L’industrie 4.0 comme levier d’attractivité
Pour séduire une jeunesse technophile, les métiers productifs devront se réinventer grâce aux nouvelles technologies : robots industriels, réalité virtuelle, intelligence artificielle, impression 3D. «Il faut casser l’image du métier manuel archaïque. Travailler dans une usine aujourd’hui peut signifier manipuler des capteurs intelligents ou piloter des machines numériques», explique un formateur industriel.
Des Fab Labs régionaux pourraient servir de catalyseurs pour cette transition technologique, tout en stimulant l’innovation artisanale locale. La réussite d’un tel chantier repose aussi sur l’implication pleine et entière des syndicats et du monde de l’entreprise. Ces derniers doivent devenir des partenaires actifs, en contribuant à la définition des programmes, à la formation continue et à la création de filières locales d’excellence.
«Les entreprises doivent cesser de considérer la formation comme une charge. C’est un investissement stratégique», souligne Rajesh, mécanicien et militant associatif. Le modèle nordique de co-construction des politiques éducatives entre État, entreprises et syndicats est mis en avant comme une voie à suivre.
Singapour, cité en exemple tout au long du rapport préparatoire au Budget, a transformé son appareil productif en s’appuyant sur une formation technique de haut niveau, un pilotage étatique cohérent et des partenariats étroits avec les industries stratégiques.
Pour Maurice, insulaire, vulnérable mais dotée d’un potentiel humain important, il s’agit de bâtir une version adaptée : un système flexible, territorialisé et fondé sur l’excellence locale. Les universités, centres techniques, ONG, collectivités régionales et plateformes numériques devront travailler de concert.

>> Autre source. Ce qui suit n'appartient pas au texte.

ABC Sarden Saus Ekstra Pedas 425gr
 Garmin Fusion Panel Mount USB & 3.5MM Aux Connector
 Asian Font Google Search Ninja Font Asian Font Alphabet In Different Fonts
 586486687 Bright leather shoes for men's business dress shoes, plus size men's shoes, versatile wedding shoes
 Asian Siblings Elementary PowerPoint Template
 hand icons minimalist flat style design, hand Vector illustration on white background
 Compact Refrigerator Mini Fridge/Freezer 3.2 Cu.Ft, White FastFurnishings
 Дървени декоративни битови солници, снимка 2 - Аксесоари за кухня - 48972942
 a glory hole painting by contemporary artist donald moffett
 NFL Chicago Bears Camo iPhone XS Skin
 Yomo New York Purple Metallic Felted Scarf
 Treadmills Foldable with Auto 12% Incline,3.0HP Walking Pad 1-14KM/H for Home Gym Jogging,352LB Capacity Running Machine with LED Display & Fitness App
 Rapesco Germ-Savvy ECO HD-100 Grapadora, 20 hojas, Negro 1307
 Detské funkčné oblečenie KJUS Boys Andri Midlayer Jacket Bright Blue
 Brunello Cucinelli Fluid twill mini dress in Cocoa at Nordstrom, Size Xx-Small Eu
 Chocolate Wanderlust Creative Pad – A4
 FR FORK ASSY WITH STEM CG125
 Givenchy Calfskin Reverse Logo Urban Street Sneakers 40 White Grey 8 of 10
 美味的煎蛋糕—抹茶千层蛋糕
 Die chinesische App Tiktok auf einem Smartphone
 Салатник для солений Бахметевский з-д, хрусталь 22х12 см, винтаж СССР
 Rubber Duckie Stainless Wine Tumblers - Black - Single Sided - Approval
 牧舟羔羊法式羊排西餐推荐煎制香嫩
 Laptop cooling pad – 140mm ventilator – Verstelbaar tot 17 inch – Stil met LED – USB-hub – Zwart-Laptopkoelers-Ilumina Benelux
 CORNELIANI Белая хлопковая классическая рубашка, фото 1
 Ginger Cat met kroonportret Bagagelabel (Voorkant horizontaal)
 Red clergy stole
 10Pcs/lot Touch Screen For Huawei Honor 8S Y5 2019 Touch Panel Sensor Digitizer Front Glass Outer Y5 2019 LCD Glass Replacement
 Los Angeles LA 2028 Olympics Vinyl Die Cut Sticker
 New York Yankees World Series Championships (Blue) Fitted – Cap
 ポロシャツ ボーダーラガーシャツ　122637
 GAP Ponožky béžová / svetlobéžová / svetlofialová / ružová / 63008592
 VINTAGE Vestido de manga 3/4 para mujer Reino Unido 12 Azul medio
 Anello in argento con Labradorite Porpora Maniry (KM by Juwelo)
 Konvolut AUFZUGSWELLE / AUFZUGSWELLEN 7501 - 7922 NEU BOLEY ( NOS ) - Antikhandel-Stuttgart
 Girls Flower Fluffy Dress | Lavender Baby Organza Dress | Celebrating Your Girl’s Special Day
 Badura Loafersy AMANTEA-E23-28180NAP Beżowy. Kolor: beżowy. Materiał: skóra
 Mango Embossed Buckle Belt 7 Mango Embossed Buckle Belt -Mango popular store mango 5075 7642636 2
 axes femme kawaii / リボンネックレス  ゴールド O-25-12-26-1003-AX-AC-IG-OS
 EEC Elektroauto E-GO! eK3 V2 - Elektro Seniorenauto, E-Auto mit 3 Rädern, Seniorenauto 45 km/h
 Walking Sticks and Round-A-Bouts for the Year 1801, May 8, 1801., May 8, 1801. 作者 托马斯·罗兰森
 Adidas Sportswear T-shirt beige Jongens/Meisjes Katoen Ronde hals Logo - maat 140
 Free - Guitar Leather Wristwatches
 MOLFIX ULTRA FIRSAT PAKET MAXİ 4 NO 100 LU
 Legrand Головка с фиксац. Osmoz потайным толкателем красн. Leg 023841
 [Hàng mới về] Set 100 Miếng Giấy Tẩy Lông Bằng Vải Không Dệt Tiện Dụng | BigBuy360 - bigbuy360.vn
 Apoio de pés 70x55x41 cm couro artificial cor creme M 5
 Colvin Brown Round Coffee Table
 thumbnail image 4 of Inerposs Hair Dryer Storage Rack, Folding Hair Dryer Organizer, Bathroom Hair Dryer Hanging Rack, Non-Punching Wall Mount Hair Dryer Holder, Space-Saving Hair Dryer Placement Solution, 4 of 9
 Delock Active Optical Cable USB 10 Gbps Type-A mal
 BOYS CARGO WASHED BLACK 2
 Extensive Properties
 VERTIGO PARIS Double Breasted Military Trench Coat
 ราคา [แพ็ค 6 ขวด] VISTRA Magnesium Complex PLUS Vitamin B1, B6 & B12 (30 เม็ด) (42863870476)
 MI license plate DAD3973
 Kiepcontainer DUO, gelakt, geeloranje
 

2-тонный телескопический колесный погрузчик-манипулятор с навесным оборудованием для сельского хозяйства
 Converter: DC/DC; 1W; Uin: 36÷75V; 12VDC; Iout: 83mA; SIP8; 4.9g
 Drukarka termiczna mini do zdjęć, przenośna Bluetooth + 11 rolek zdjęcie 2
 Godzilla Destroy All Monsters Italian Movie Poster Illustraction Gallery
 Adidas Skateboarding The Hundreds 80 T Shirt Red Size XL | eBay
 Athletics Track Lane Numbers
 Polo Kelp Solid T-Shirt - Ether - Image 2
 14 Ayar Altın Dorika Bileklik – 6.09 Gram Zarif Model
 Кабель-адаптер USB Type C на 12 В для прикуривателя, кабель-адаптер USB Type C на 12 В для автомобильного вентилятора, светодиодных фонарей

Réconcilier les Mauriciens avec le travail productif ne saurait se réduire à une mesure budgétaire isolée. C’est une refondation du contrat social autour de la valeur travail, de l’inclusion et de la production locale. À l’heure des crises climatiques, des incertitudes géopolitiques et de la compétition globale, cette reconquête des métiers productifs devient un impératif de souveraineté.
Le chantier s’annonce long, mais les fondations sont posées. Il revient désormais au gouvernement, dans le cadre du Budget 2025 2026, d’en faire un axe central de sa stratégie de relance économique.